EXERCISE DIRECTIONS:
What you return should match the listing exactly, minus its images.

######

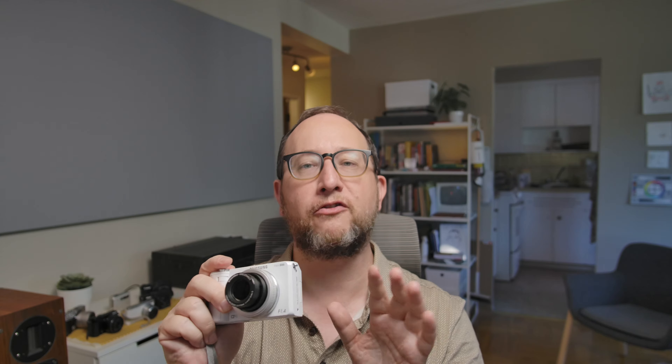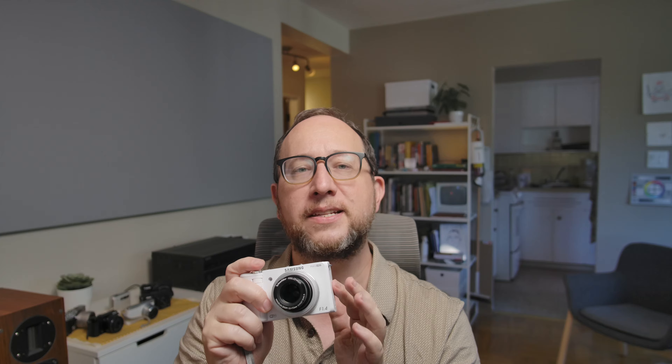Thing number one is the lens. This is a 24 to 80 millimeter lens and it's f1.4 to f2.7 — that's right, it's an f1.4 zoom lens, which is crazy fast. Obviously it's only that fast at the widest setting, but still that is a very fast lens. At the time, it may have been the fastest lens you could get on a point and shoot.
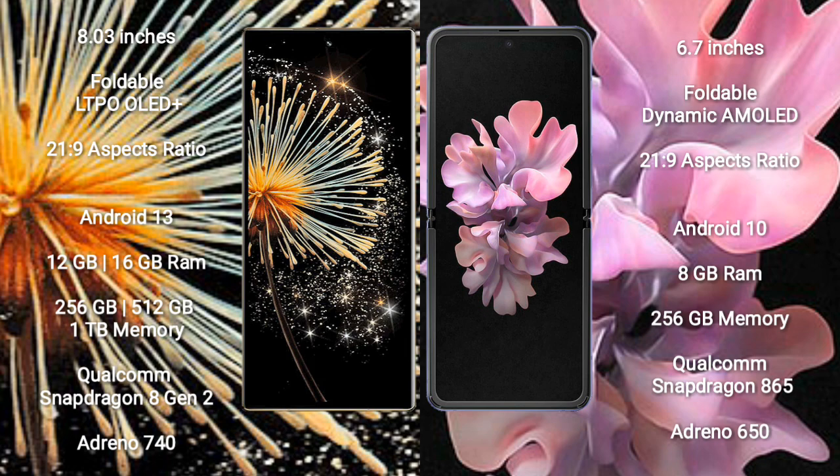The Xiaomi Mix Fold 3 comes with 12GB or 16GB RAM, 256GB or 512GB or 1TB internal storage, powered by a Qualcomm Snapdragon 8 Gen 2 processor and GPU Adreno 740. The Samsung Galaxy Z Flip 5G comes with 8GB RAM and 256GB internal storage, powered by a Qualcomm Snapdragon 865 processor and GPU Adreno 650.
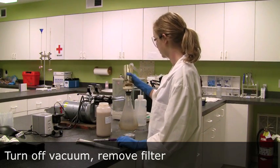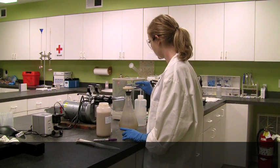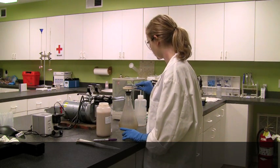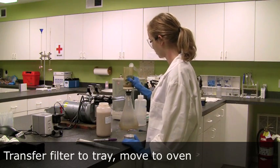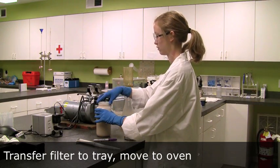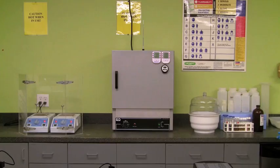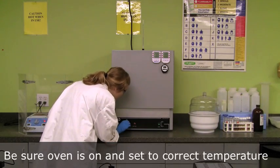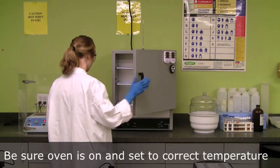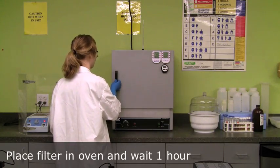Keep the vacuum on until all the liquid has drained through the filter. Remove the filter using tweezers and place it back on the aluminum dish. Place the dish in the oven at 103 to 105 degrees Celsius for one hour.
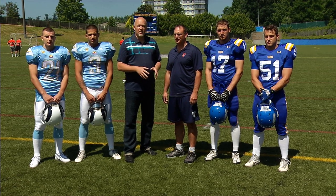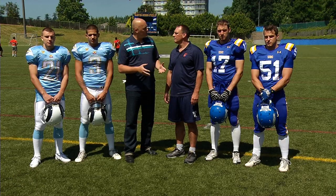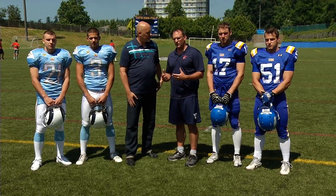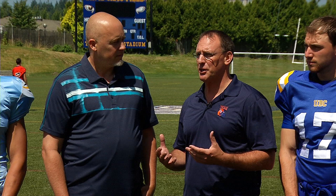Now we go to episode number one of proper tackling techniques. And Dino, why are we doing this? At the end of the day, it's to keep the players safe and make sure that proper technique and fundamentals are taught to every player, and every coach has a good grasp of being able to teach it.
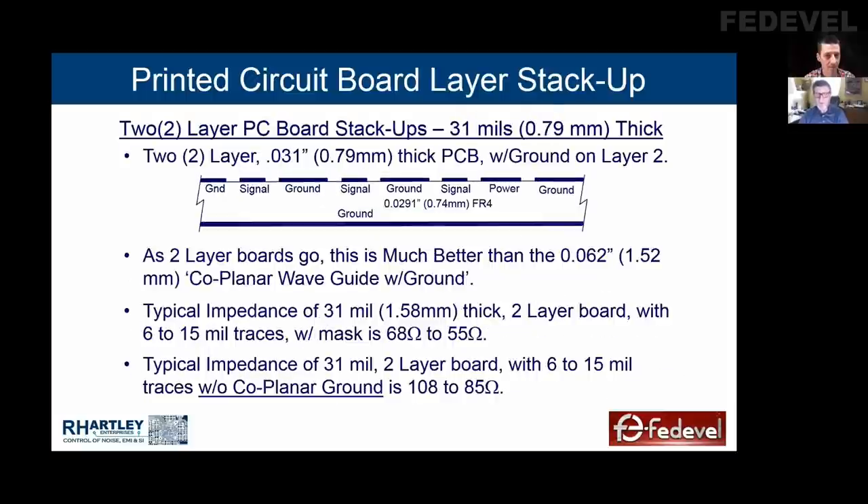If this was a flex board, you probably wouldn't even need the coplanar ground on layer one. I've designed a lot of flex boards that were two and three layers. Flex boards can be odd layer counts. FR4 rigid boards can't have odd layer counts — they have to be even. If you make a three-layer board, the fabricator is going to charge you for four layers. If you make a seven-layer board, they're going to charge you for eight. They have to start with the even count and completely remove one layer of copper. There is no such thing as an odd layer count board in the rigid world.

######

ANSWER BOX:
Thing number one is the lens. This is a 24 to 80 millimeter lens and it's f1.4 to f2.7 — that's right, it's an f1.4 zoom lens, which is crazy fast. Obviously it's only that fast at the widest setting, but still that is a very fast lens. At the time, it may have been the fastest lens you could get on a point and shoot.
The Xiaomi Mix Fold 3 comes with 12GB or 16GB RAM, 256GB or 512GB or 1TB internal storage, powered by a Qualcomm Snapdragon 8 Gen 2 processor and GPU Adreno 740. The Samsung Galaxy Z Flip 5G comes with 8GB RAM and 256GB internal storage, powered by a Qualcomm Snapdragon 865 processor and GPU Adreno 650.
Keep the vacuum on until all the liquid has drained through the filter. Remove the filter using tweezers and place it back on the aluminum dish. Place the dish in the oven at 103 to 105 degrees Celsius for one hour.
Now we go to episode number one of proper tackling techniques. And Dino, why are we doing this? At the end of the day, it's to keep the players safe and make sure that proper technique and fundamentals are taught to every player, and every coach has a good grasp of being able to teach it.
If this was a flex board, you probably wouldn't even need the coplanar ground on layer one. I've designed a lot of flex boards that were two and three layers. Flex boards can be odd layer counts. FR4 rigid boards can't have odd layer counts — they have to be even. If you make a three-layer board, the fabricator is going to charge you for four layers. If you make a seven-layer board, they're going to charge you for eight. They have to start with the even count and completely remove one layer of copper. There is no such thing as an odd layer count board in the rigid world.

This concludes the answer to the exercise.